The skyrocketing value of Bitcoin and the launch of several new virtual currencies in recent months has attracted a wave of new investors and speculators.
It has also attracted the eye of federal and state securities regulators across the country.
The Texas State Securities Board ratcheted the scrutiny up a notch in recent weeks, as it has issued the country’s first state-level orders against firms allegedly offering cryptocurrency-related investments in the state.
In the orders, State Securities Commissioner Travis Iles said the two overseas companies, USI-Tech and BitConnect, offered investments that require registration with the board prior to sale. Both firms can appeal the rulings.
The growing attention from regulators stems largely from the huge runup in the value of Bitcoin over the past half year. Back in May, Bitcoins were worth about $2,000 apiece. By mid-December, their value had grown almost tenfold, peaking at $19,343 each on Dec. 16, according to Coindesk.
The soaring value piqued the interest of a wider range of investors, and it set off a wave of offers by startups hoping to hop on the opportunity, said Joe Rotunda, director of the Texas securities board’s enforcement division.
“The tipping point is seeing investments no longer limited to hobbyists or enthusiasts, but reaching Main Street investors,” Rotunda said.
The prospect of more regulatory oversight does not sit well with many enthusiasts, who see virtual currencies as a decentralized, more efficient and freer way of exchanging value. Its key strength, many argue, is the lack of government regulation and centralized control.
Still, many proponents have welcomed previous crackdowns on fraudulent offerings, saying they worry a few bad actors could prompt an overreaction by regulators or policy makers.
For their part, securities regulators admit they do not regulate currencies.

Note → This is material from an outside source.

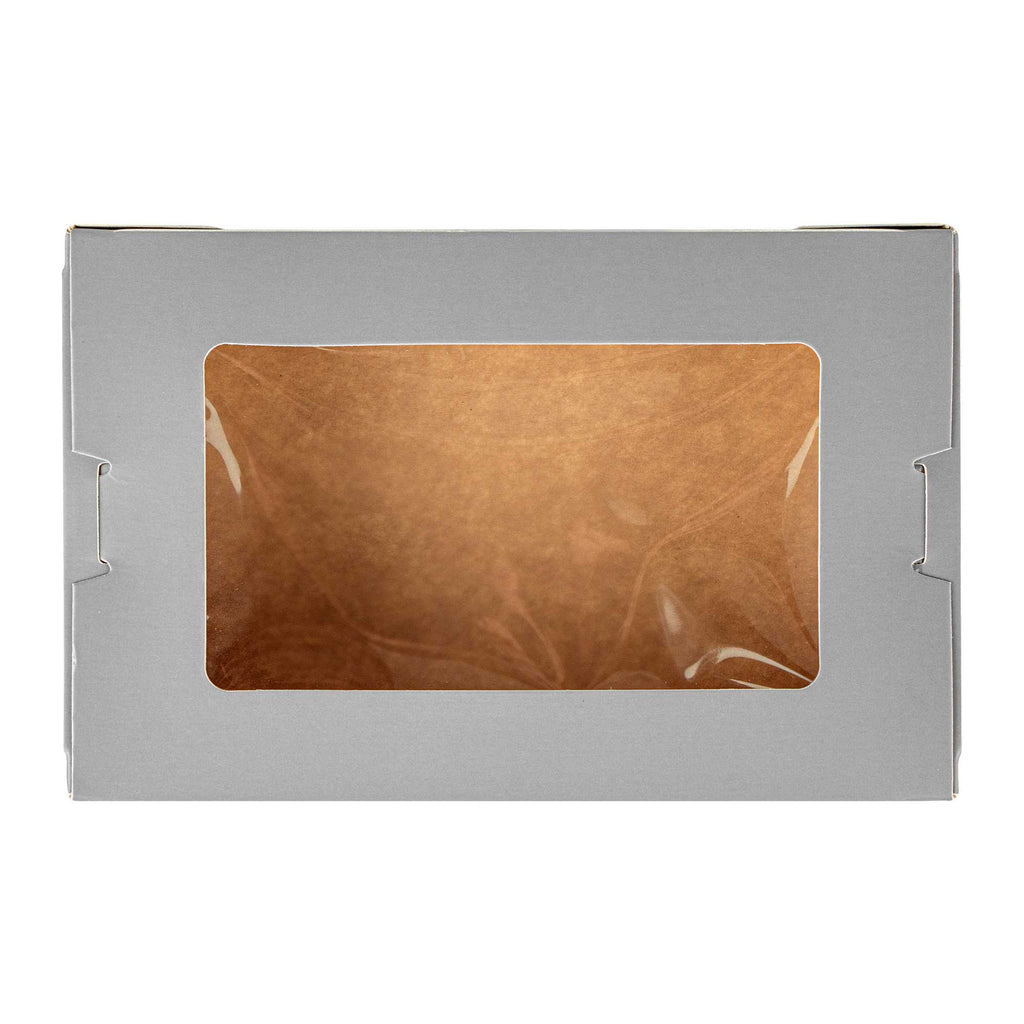 Cafe Vision 21 oz Gray Paper Take Out Container - Hinge Lock - 6 1/4" x 4" x 1 3/4" - 50 count box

Rather, they’re keeping an eye out for offerings that go beyond the mere introduction of a new currency and begin to look like traditional securities like stocks or bonds.

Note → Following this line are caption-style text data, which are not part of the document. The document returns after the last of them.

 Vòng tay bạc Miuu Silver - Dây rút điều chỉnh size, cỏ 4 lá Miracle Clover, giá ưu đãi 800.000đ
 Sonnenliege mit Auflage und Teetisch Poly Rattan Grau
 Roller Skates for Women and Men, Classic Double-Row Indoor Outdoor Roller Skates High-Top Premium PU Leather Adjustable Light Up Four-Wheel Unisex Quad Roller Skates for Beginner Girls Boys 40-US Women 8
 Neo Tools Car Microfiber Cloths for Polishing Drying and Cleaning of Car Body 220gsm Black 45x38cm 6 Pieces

In those cases, regulators say, companies need to follow securities regulations, which require that companies target only wealthier investors or disclose far more information about the company, its operations and its risks.

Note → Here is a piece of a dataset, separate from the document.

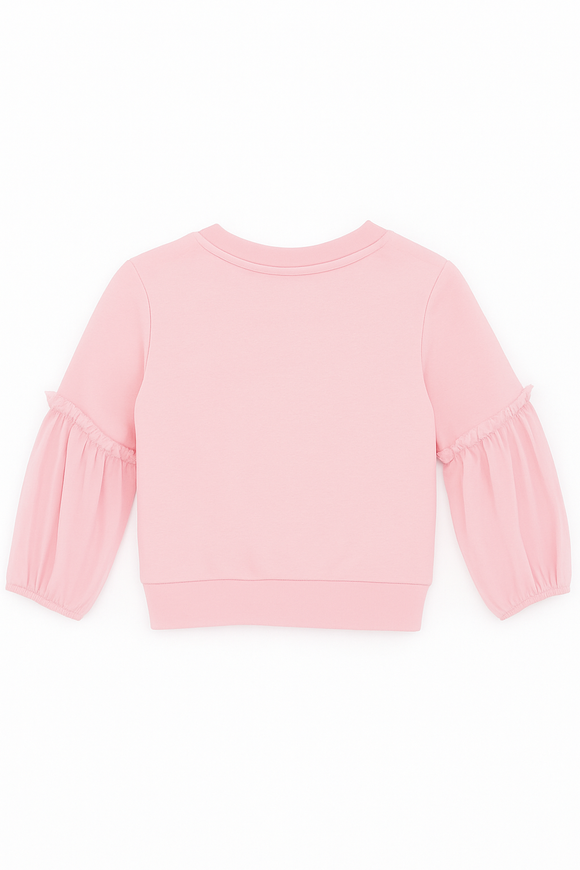 Mesh Slv With Placement Print Terry Top Pale Pink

“Investors are entitled to receive sufficient information to make a reasonable decision about whether to purchase an investment,” Rotunda said.
One reason this has gotten so murky is the emergence of more “initial coin offerings,” in which companies raise money by selling virtual coins or tokens.
These might be used solely as a currency — a way to exchange value from one party to another. But in some cases, companies are enticing investors with the possibility of additional returns the company would generate and pay back to coin investors.
At that point, regulators say, the companies are selling a security, not merely introducing a new currency. Under securities regulations, companies must register their offerings and provide enough information for investors to make a reasonable judgment about the risk involved. (Some exceptions exist for investments peddled privately to wealthier investors.)
Absent that information, regulators contend, fraudulent actors might too easily fleece Main Street investors – especially in the environment of greater anonymity that surrounds many virtual currencies. In December, the North American Securities Administrators Association called initial coin offerings one of the emerging investor threats for 2018.
Jay Clayton, chairman of the U.S. Securities and Exchange Commission, agreed.
As coin offerings currently operate, “there is substantially less investor protection than in our traditional securities markets, with correspondingly greater opportunities for fraud and manipulation,” Clayton said in a Dec. 11 statement.
Clayton noted that merely calling an offering a “utility token” or coin doesn’t define it as a currency. While the form might change with the emergence of virtual currencies, he argued, the substance of most of the coin offerings to date has resembled traditional securities offerings.
Yet, efforts to steer clear of securities regulations aren’t simply a matter of privacy, anti-regulatory sentiment or anonymity, said Prabhudev Konana, an information management professor at the University of Texas McCombs School of Business.
“The process in which a company can raise money is complex, time-consuming and expensive,” Konana said. “It’s an expensive proposition for a startup. … So how can I bypass the whole thing? They found a channel they could use to bypass the regulatory constraints.”
That’s a vital side of the pendulum that swings back-and-forth between financial innovation and regulation in the United States, he said. China shut down coin offerings entirely. Here, entrepreneurs will push the boundaries to see where they go, and regulators will respond to ensure new practices don’t unduly jeopardize markets or investors.
Both Konana and Andrew Whinston, director of the McCombs’ Center for Research in Electronic Commerce, said the SEC eventually will have to provide more clarity on regulation of coin offerings.
Until then, two things will continue to happen. Investors will take risks, and companies rolling out coin offerings will try reach a broad audience without triggering the expensive and complex securities regulation process.
It’s buyer beware, Whinston said, but then so were the days of the dot-com bubble or so many other hot investment trends.
“The world has always welcomed speculation,” he said, “going back thousands of years.”